Conceived by Gianni Politi (Rome, 1986), The serpent ritual included the participation of the artists Alessandro Agudio (Milan, 1982), Andrea Dojmi (Rome, 1973), Giulio Delvè (Naples, 1984), Matteo Nasini (Rome, 1976), Lupo Borgonovo (Milan, 1985), Helena Hladilova (Kroměříž, Czech Republic, 1983) & Namsal Siedlecki (Greenfield, USA, 1986), and Renato Leotta (Turin, 1982).
The exhibition’s title is an explicit reference to Aby Warburg‘s homonymous essay, where the author underlines the importance of the psychic power of images to Native American tribes. Travels in North America afforded Warburg the opportunity to study indigenous magic rituals and the origins of paganism.

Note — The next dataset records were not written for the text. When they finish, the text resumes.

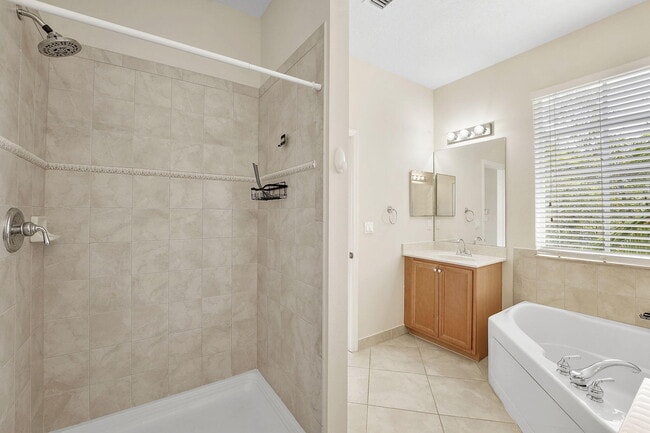 Building Photo - 128 W Royal Palm Cir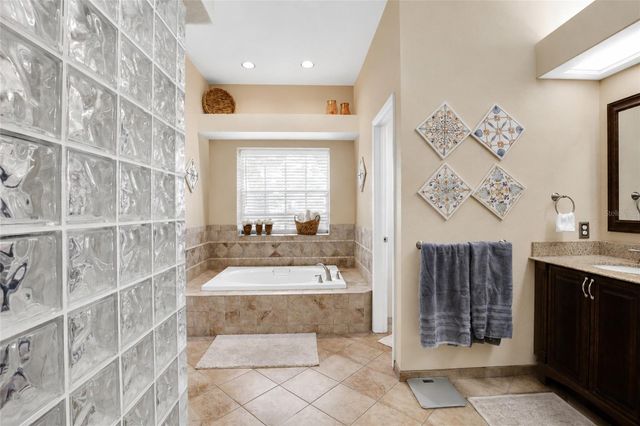 2409 DANA DRIVE, Safety Harbor, FL 34695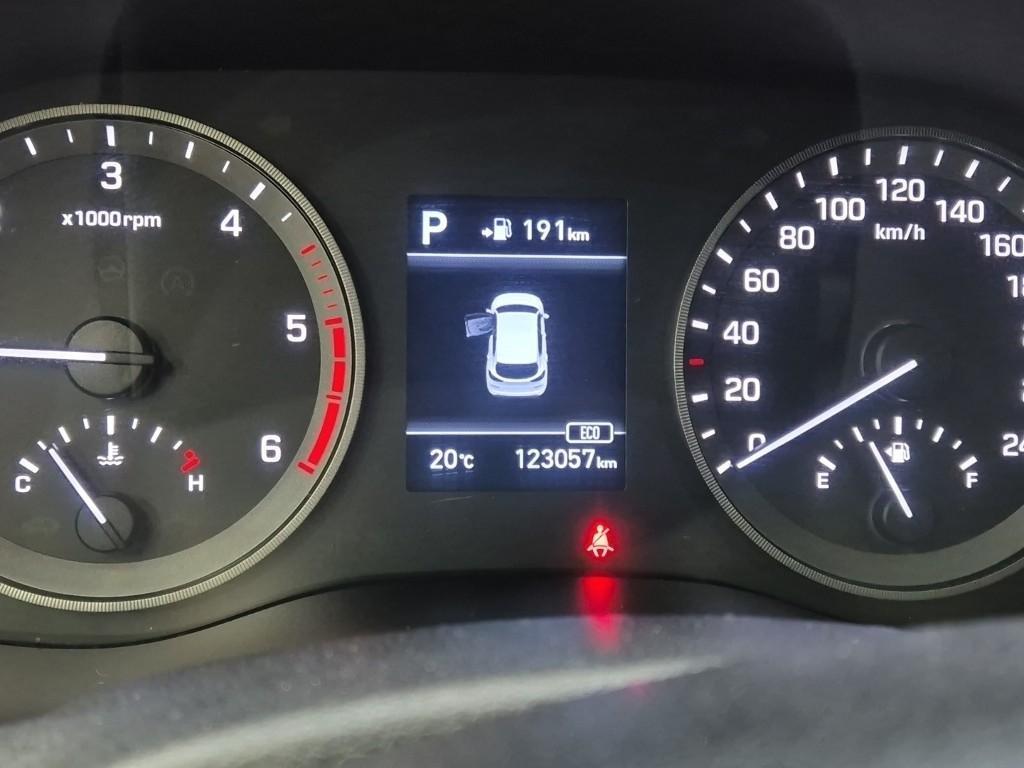 HYUNDAI Tucson - Vista 6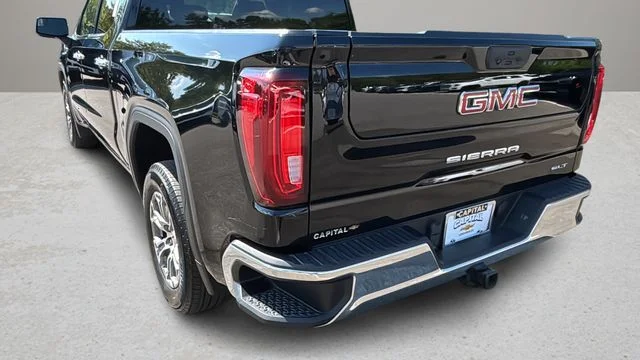 Used 2025 Black GMC SLT image 37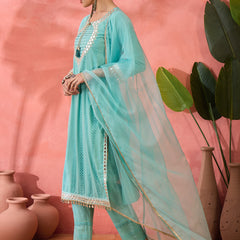 Women Embroidered Straight Kurta With Trouser & Dupatta
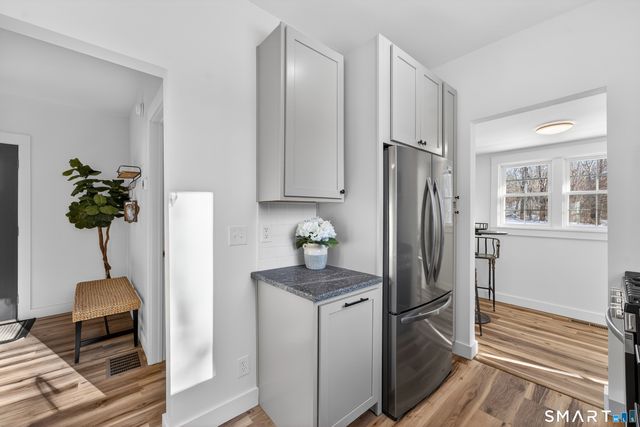 1486 Route 163, Montville, CT 06370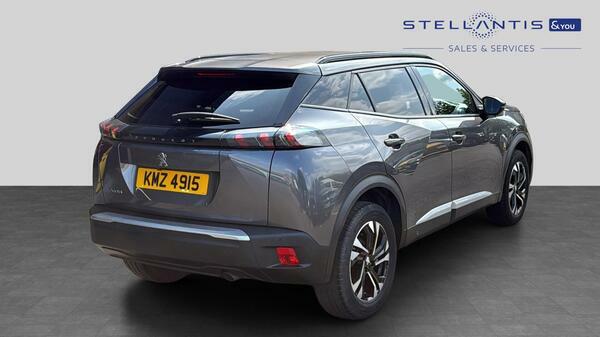 Peugeot 2008 1.2 Puretech Allure Premium Suv #3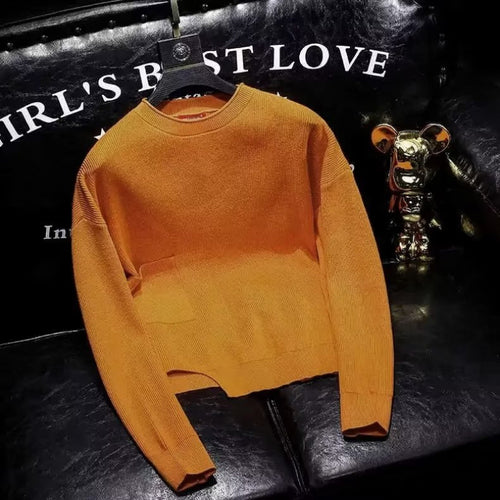 Damen Kurz geschnittener Strickpullover mit unregelmäßigem Saum und Rundhalsausschnitt Echoarchiv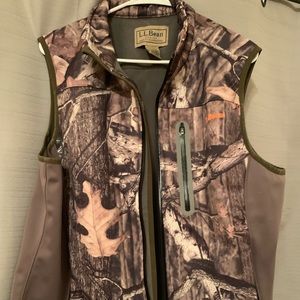 BRAND NEW LL Bean camo vest!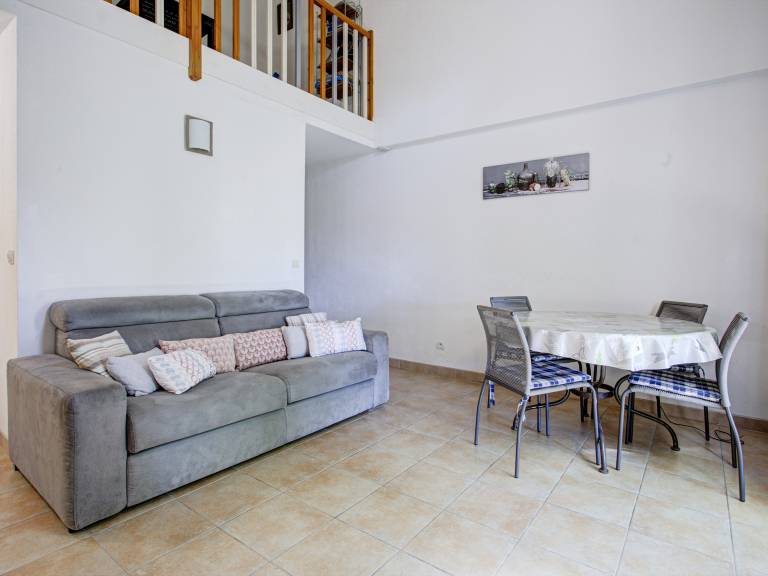 Villa with garden & pool | Pet-friendly — photo 3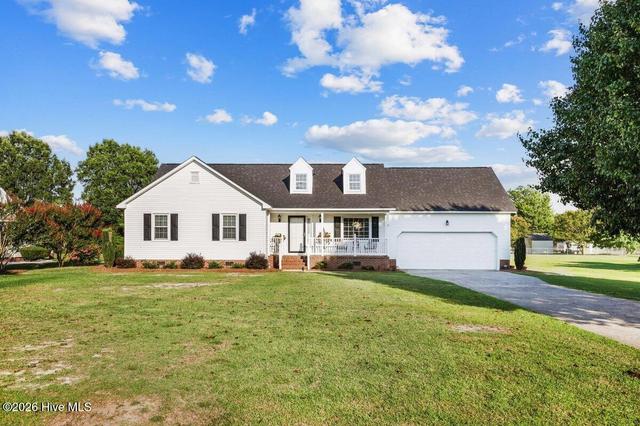 114 Trappers Run Dr, Goldsboro, NC 27530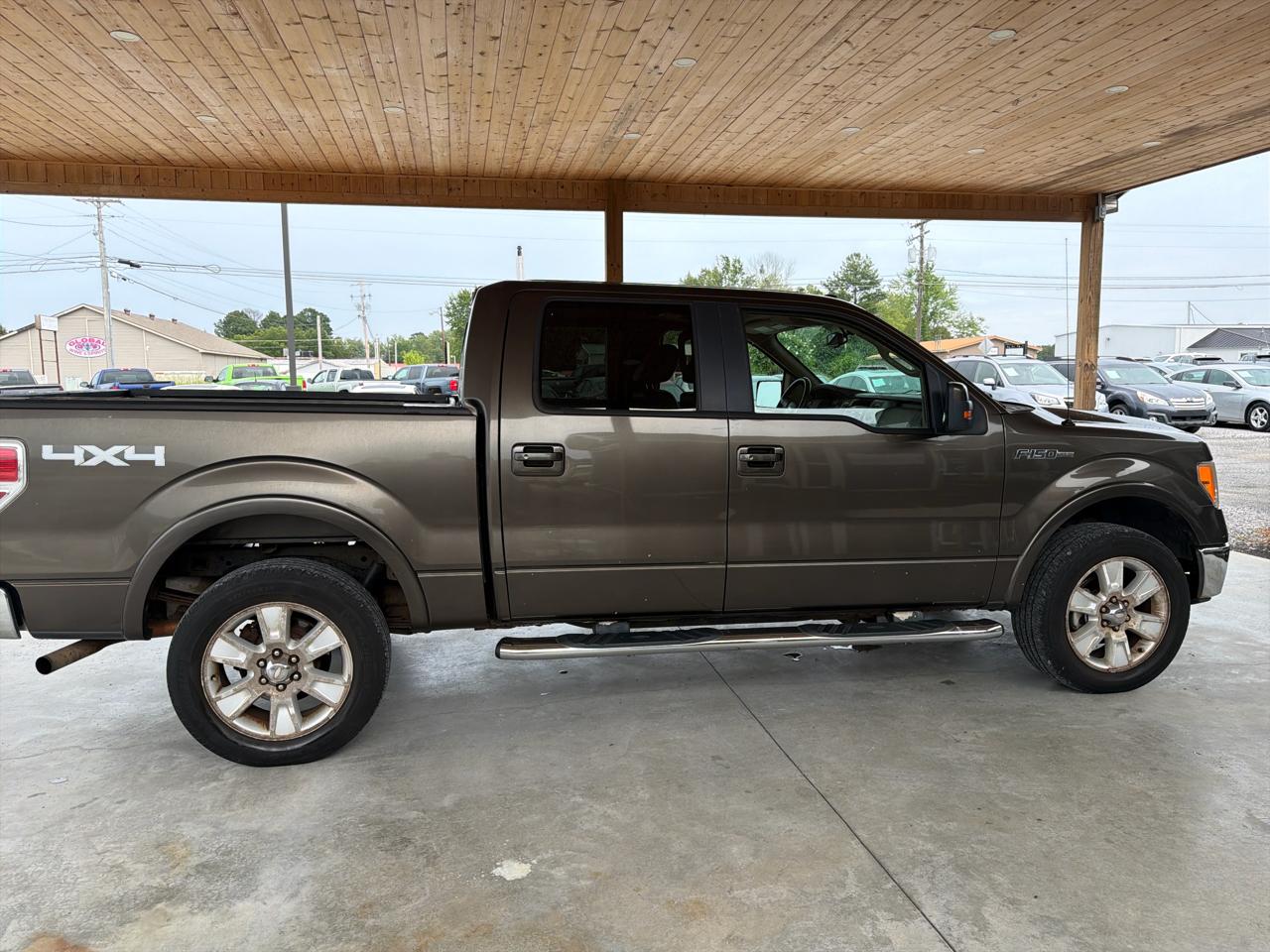 Ford F-150 4WD SuperCab 145" Lariat 2009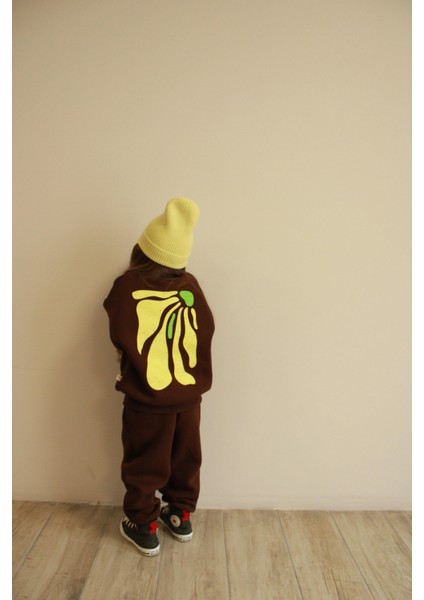 Sarı Sırt Baskılı Balıkçı Yaka Eşofman Takımı fırsatları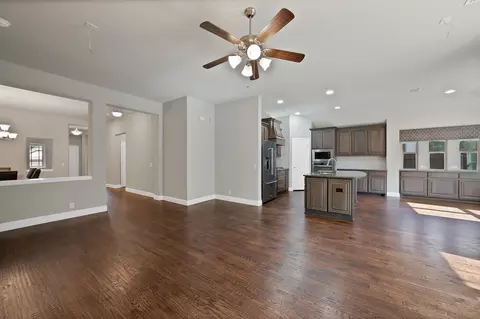 Living - 910 Greenhurst, Euless, TX 76039 photo 1 of 3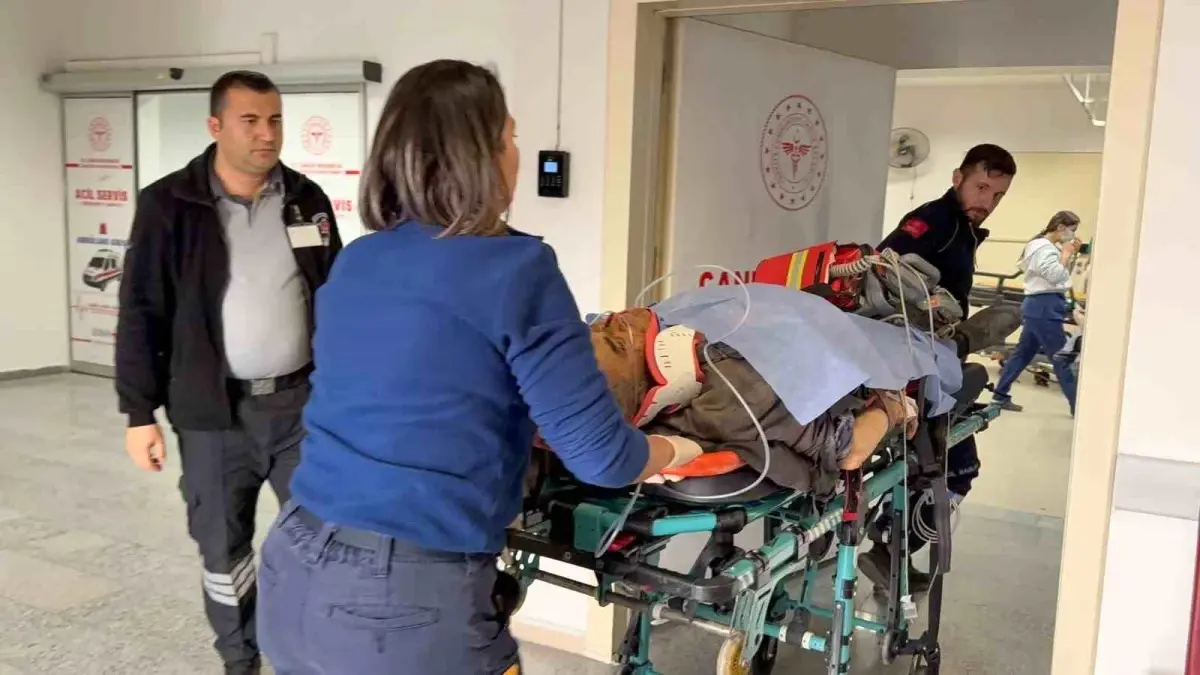 aksarayda kaza surucu hayatini kaybetti esi agir yarali UrnFnSCU.jpg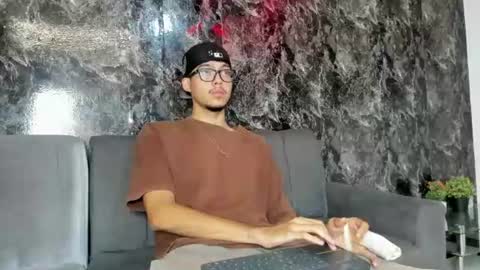 Snapshot of thiago_preston chatting on 07-21-26, 07:16 Thiago online show from 07-21-26, 07:16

It was from there, he concluded, that man derived his inherent and unconscious need to “possess” images, benefitting from their ancestral and psychic power.
The exhibited works were intended to offer the spectator the opportunity to undertake a “journey” into the symbolic cosmos of images, with the aim of affirming the value of slowness in contrast to the speed of contemporary expression. The artists involved share an interest in arriving at a practical approach to art, an idea related to the difficulty of producing something new in an era in which everything seems to already exist.